In the mid- to late nineteenth century, at a time when democracy was rising, the Papal States were under serious strain, and radical political movements were on the move, two general camps emerged within the Catholic Church. On one side, there were the ultramontanists, who favoured the temporal power and regarded the idea of religious liberty as a fateful surrender to secularism and modernism. On the other side were the liberals, who embraced religious liberty and argued that papal infallibility should be embraced only in the strictly defined terms related to its own competency of faith and morals, but not to politics or economics.
Concessions to false religions can only ever be a toleration based on circumstances, and a concession in principle is indeed a “fateful surrender to secularism and modernism”. And his reading of the Syllabus of Errors is simply not supported by the text:

Even Pius IX’s Syllabus of Errors could be read as compatible with an embrace of liberty if we recognise that while it condemned the view that the Church must be universally separated from the state (understood as the state confining religion to the purely private sphere—the goal of today’s radical secularists), it tolerated the view that the Church can be made prudently and advantageously distinct from the state.
Here we see confusion in his argument: that “the view that the Church can be made prudently and advantageously distinct from the state” is tolerable is not in question (and ‘distinct’ is the wrong word anyway, since Church and State are distinct), while in fact it is Fr. Sirico’s views on Church-States relations at the level of principles that Bl. Pius IX was condemning.

When Fr. Sirico describes ‘liberation theology’ as “essentially a baptised form of Marxism” it is hard to ignore the savage irony that what he and the Acton Institute advocate is really just a ‘baptised form’ of libertarianism and economic rationalism. How can they not see this? Indeed, Marxism and economic rationalism aren’t fundamentally all that different: they share the same foundation, namely materialistic determinism, though while Marxism focuses on the social level, at which circumstances in the factors of production determine the course of history (historical materialism), economic rationalism focuses on the individual, with man conceived of as homo economicus, with a utility function into which ones plugs the numbers and determines his behaviour.

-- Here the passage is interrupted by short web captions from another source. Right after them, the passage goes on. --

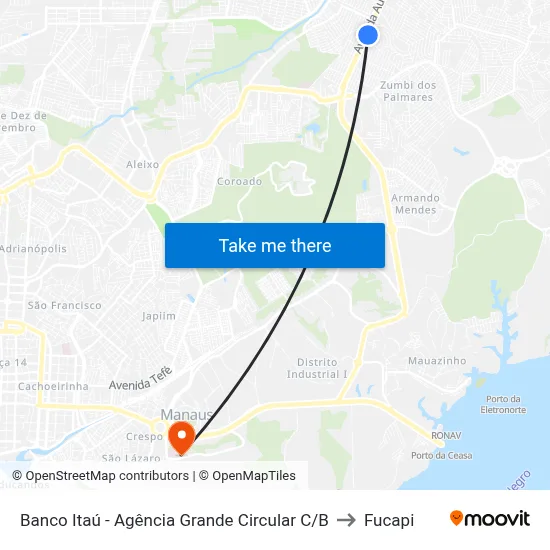Banco Itaú - Agência Grande Circular C/B to Fucapi map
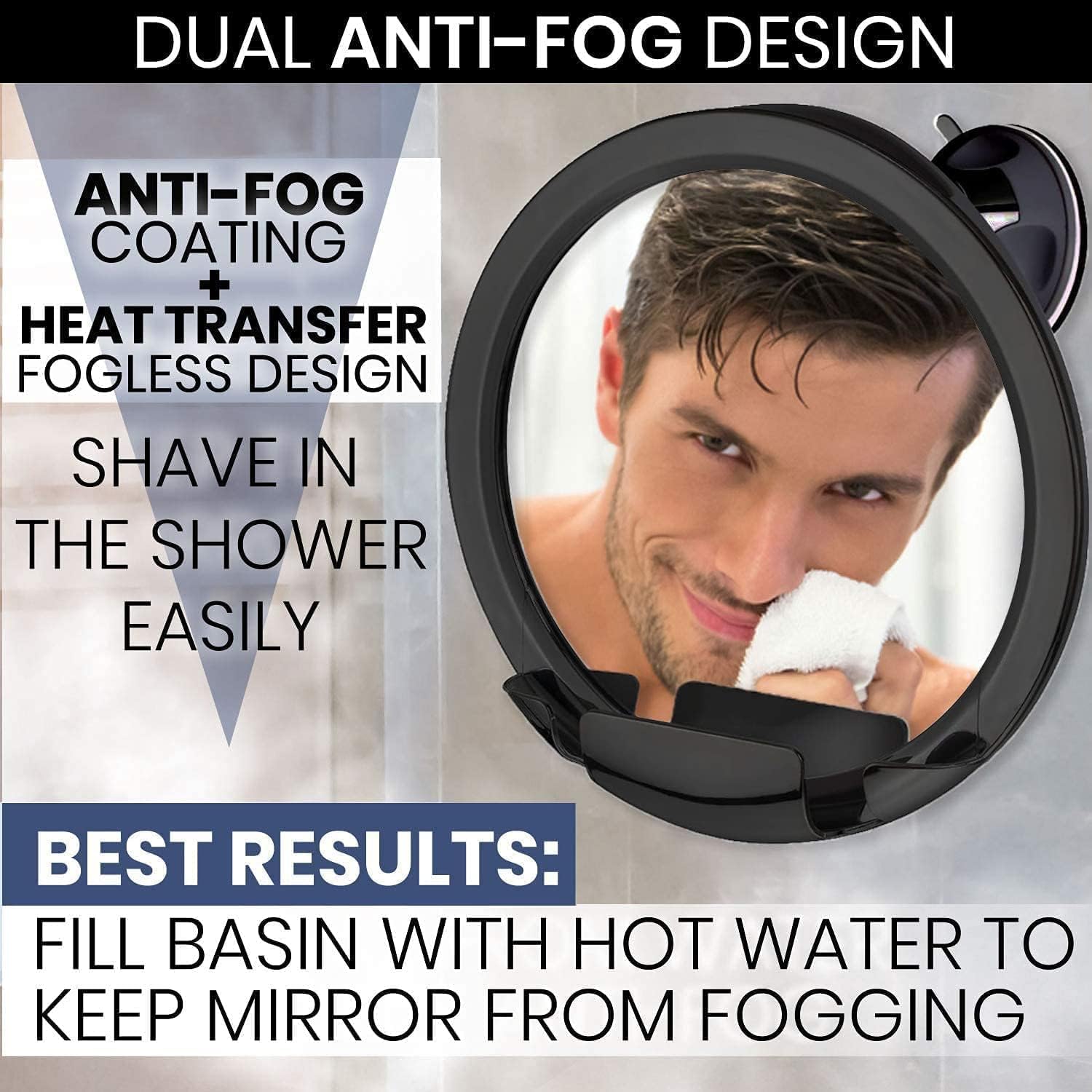 MirrorVana Dual Antifog Shower Mirror Shave with Confidence
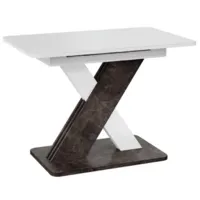 Кухонный стол Трия Люксембург Тип 1 (ателье темный/белый/стекло белое матовое)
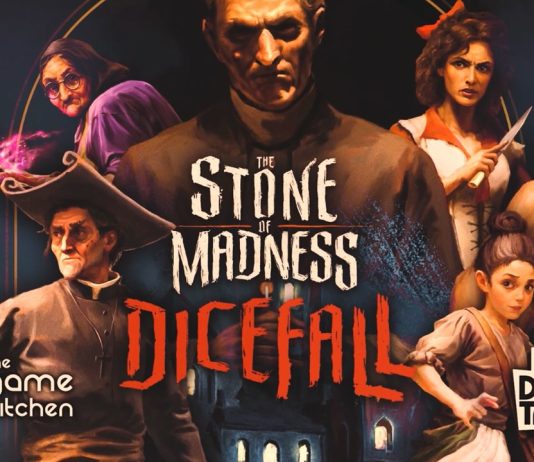 El juego de mesa The Stone of Madness - Dicefall llega a Gamefound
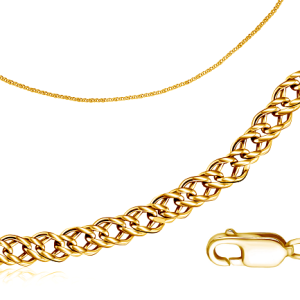 Цепь автомат из желтого золота, плетение двойной ромб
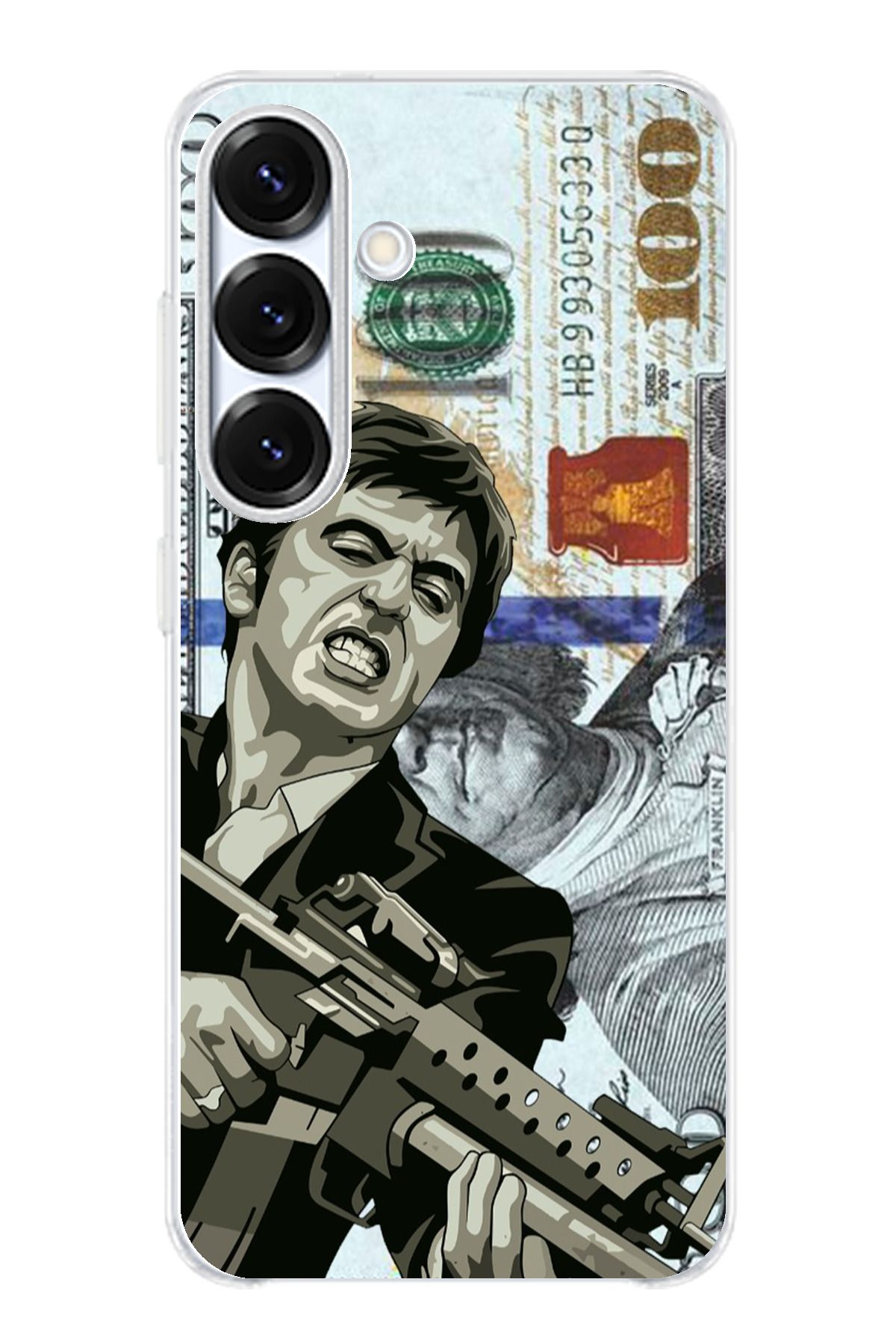 TechTree Samsung Galaxy S25 Uyumlu Scarface Dolar Tasarımlı Şeffaf Silikon Kılıf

We see this materialism crop up again when Fr. Sirico writes off the era of Christendom as being one in which the fact that

the tyrant professed Christianity was an incidental fact: he was merely using the culturally dominant religion as a cover for his true ambition
and it is an insult to the likes of Alfred the Great, Charlemagne, St. Edward the Confessor and St. Louis IX.

What is it with people trying to graft onto Tradition that which can never organically be a part of it? Why the constant conformity to the spirit of the age? Why can they not be content simply ‘to hand on what they have received’?

What is perhaps most telling about Fr. Sirico’s position is the complete absence of any reference in this lecture to one of the fundamental principles of Catholic social teaching, namely the common good. Search for keywords like ‘common good’ or ‘public good’ or public welfare or common welfare and you will find nothing. Indeed, one must ask of Fr. Sirico: does he agree that the common good is the proper end of the State? Does he agree that the common good is the relevant criterion for determining when to restrict liberty (an important question given that his lecture was, after all, on the topic of ‘Must Religion be a Threat to Liberty?’)? Does he agree that the State is a juridical and moral person that is capable of acknowledging God as the source of its authority, of the blessings that it enjoys and of its very existence, i.e., that the State really can be confessional? Just what is this man’s theory of the State?